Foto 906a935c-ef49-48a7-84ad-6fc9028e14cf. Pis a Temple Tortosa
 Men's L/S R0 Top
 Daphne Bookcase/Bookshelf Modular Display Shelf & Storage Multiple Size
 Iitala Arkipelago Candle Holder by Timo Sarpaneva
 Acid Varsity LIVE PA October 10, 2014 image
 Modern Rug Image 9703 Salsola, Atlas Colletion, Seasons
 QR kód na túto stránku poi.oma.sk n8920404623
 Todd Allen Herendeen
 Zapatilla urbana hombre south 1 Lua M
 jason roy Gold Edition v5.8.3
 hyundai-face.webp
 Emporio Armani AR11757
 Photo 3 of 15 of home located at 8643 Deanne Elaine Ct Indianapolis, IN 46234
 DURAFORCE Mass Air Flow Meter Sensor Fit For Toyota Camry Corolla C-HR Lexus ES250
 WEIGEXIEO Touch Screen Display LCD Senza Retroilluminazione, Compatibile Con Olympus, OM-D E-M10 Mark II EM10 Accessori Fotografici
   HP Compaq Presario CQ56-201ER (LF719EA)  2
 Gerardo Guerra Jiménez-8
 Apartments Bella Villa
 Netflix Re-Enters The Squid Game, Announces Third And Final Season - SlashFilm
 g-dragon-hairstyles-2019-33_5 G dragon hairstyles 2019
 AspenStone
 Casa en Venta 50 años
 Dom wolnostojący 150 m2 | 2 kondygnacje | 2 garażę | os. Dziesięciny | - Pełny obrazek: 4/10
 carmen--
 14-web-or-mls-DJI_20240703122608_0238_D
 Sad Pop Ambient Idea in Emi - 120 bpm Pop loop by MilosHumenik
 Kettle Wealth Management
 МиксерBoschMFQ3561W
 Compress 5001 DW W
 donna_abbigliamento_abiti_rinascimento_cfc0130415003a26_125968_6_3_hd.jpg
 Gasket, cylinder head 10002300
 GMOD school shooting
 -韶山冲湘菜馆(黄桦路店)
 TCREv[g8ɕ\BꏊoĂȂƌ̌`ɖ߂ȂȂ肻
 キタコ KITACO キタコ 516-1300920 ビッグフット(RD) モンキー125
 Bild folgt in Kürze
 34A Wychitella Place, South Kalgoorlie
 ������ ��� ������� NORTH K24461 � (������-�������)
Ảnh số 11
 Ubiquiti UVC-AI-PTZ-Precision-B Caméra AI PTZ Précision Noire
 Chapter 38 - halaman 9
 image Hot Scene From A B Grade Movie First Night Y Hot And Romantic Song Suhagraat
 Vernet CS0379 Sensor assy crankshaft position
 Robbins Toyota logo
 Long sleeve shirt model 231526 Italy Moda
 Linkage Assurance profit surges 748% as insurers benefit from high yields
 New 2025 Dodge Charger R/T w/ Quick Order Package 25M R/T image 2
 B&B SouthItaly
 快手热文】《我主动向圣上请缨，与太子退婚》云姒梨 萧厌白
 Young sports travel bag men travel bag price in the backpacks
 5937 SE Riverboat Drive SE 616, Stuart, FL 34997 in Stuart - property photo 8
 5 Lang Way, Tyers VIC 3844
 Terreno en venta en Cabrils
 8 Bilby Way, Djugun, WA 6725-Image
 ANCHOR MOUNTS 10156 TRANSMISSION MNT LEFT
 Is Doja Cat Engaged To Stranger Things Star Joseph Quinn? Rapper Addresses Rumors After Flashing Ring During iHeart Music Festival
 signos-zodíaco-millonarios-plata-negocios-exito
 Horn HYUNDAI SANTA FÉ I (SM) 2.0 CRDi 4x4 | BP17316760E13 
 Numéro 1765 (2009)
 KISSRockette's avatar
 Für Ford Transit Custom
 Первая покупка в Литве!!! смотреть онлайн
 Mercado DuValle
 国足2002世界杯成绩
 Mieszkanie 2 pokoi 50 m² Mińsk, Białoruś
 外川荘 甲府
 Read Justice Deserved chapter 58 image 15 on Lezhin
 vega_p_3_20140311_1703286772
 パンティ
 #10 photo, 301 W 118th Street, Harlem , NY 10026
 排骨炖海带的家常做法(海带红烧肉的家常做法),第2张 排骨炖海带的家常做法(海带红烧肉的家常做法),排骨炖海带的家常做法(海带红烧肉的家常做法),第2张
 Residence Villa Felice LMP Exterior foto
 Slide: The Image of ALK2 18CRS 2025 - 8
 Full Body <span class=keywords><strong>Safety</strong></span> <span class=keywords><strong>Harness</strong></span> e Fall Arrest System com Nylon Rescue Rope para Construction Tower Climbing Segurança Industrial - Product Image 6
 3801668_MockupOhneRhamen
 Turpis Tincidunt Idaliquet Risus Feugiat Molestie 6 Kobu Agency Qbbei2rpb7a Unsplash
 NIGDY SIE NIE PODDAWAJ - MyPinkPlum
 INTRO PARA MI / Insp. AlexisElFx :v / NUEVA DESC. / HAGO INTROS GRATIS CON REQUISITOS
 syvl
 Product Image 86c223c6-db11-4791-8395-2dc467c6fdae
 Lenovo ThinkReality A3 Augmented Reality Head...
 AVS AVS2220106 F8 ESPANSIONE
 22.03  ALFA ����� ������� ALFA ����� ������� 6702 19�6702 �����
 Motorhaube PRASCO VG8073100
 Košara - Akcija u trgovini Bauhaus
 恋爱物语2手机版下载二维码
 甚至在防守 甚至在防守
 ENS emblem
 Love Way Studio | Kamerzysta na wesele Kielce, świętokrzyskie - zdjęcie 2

===

For this exercise, return every line from the data that holds the string "Product".

 Full Body <span class=keywords><strong>Safety</strong></span> <span class=keywords><strong>Harness</strong></span> e Fall Arrest System com Nylon Rescue Rope para Construction Tower Climbing Segurança Industrial - Product Image 6
 Product Image 86c223c6-db11-4791-8395-2dc467c6fdae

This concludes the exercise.